No fundo mesmo, quase ninguém acha que deve mudar.
Por isso, o maio de 1968 na França e a Primavera de Praga, com os tanques russos esmagando as flores, não vingaram.
Um mero escape para pressões da época. As barricadas montadas pelos operários em conjunto com os estudantes em Paris pode até ter mostrado como pode ser o poder do povo de transformar alguma coisa. Mas o tempo passou, e aqueles que queriam mudar o mundo acabaram transformados por ele.
A promessa vendida pela geração de 1968 era a de liberdade, num mundo mais “igual”, sem autoritarismo. Muitos compraram a ideia, e a transformaram em produto, muito útil hoje como slogan de comercial de uma loja de departamentos ou supermercado. Uma geração que sonhou com um mundo melhor, mas acabou vencida pela pressão dos mercados, e se tornou tradicionalmente conservadora.

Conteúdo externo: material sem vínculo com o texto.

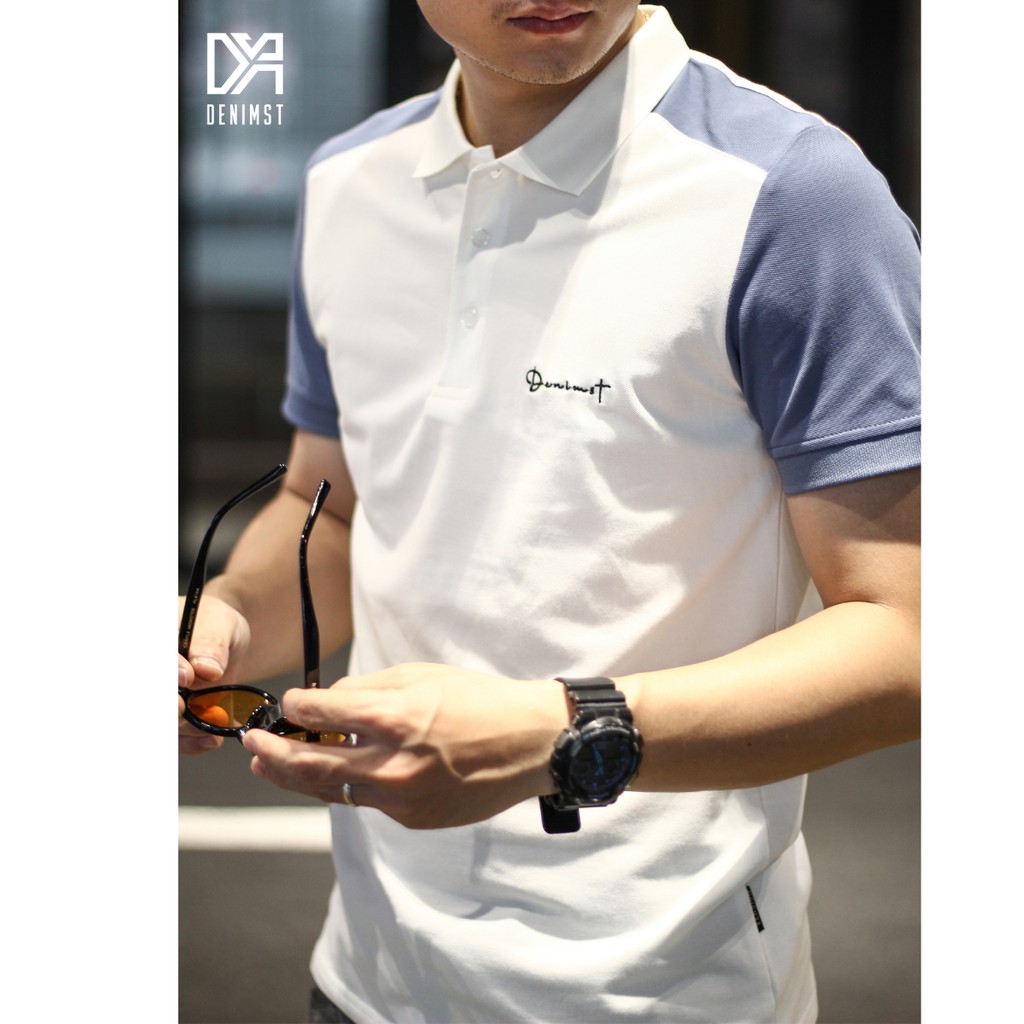 Áo thun polo nam mix màu DENIMST vải cotton cá sấu đan hình thoi, thoáng khí,mềm mại, form regular fit 1010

É penoso citar que após os surtos das passeatas, greves e guerrilhas, houve uma reação oposta e de maior intensidade, um peso maior da direita, e pipocaram slogans pregando a restauração da ordem que elegeria Nixon nos Estados Unidos e Charles de Gaulle na França.
Daquele ideal romântico de luta contra tudo que oprimia, os agora senhores e senhoras são desiludidos “burgueses” que não abrem mão de seu conforto e certezas familiares por nada neste mundo. Se muitos acabaram mortos naquela época, outros estão mortos tecnicamente pela desilusão. Ao que parece, não há mais espaço para romantismos contestadores.

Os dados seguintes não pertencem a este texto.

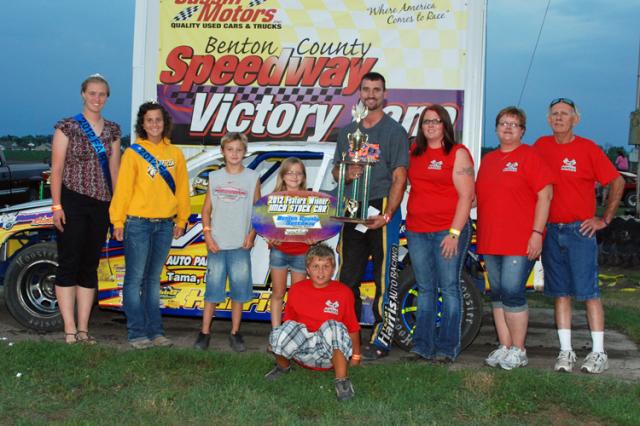 Jay Schmidt won the stock car feature trophy Sunday at the Benton County Speedway.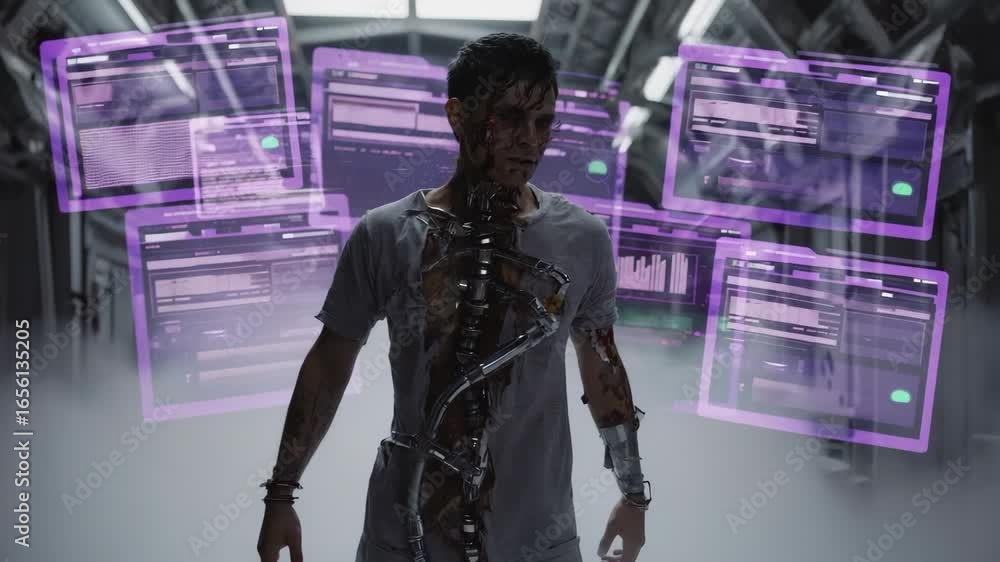 Poster futuristic cyborg with visible mechanical parts and exposed wires analyzing data on transparent purp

Aquela geração de “lutas” virou em nada e hoje é boa parte da classe média pacata que vê passar à sua frente escândalos e mais escândalos, um encobrindo o outro e acha que o problema do país é culpa do governo.
Como Cazuza bem dizia, “pois aquele garoto que ia mudar o mundo/Agora assiste a tudo em cima do muro.”
O discurso de esquerda não tem o efeito de uma aspirina. De 1968 até 2018, foram cinco décadas que se iniciaram de forma romântica, com um meio trágico e um final previsto. Está tudo tão urgente, que ninguém mais parece parar para ouvi-lo.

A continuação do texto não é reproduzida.